Já agora, também não deixa de ser curiosa a convicção do ministro de que os dirigentes e titulares dos órgãos máximos dos serviços não têm nem terão jamais a veleidade de fazer greve – um direito que lhes assiste – pelo que pode contar com eles para a contagem dos grevistas.
Assim sendo, cabe perguntar o que pretende Teixeira dos Santos com esta súbita ânsia de «transparência», que como se viu não serve para organizar serviços nem permite saber, em dia de greve, os reais motivos das ausências ao trabalho.
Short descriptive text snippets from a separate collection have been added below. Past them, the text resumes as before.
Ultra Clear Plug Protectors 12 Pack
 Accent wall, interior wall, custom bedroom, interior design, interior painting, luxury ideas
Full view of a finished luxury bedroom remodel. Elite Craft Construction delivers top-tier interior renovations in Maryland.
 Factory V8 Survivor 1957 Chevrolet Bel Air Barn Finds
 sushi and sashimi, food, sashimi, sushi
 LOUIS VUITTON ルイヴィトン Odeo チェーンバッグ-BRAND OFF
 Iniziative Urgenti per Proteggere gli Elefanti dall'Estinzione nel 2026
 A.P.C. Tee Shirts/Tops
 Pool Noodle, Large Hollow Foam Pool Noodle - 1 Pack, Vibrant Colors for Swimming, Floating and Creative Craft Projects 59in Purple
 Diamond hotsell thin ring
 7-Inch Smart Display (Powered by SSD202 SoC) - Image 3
A resposta mais óbvia é que se trata de uma manobra de inadmissível intimidação dos trabalhadores, independentemente do vínculo, que objectivamente procura impedir o legítimo exercício do direito à greve.
Esta espécie de Big Brother da Administração Pública que é a criação de uma base de dados susceptível de identificar os grevistas – resta saber que elementos são carreados para o tal formulário ainda não disponível – assemelha-se por demais a um cadastro para memória futura – com que então o meu amigo fez greve??!!! – passível de ser usado contra os trabalhadores. Os bufos não fariam melhor.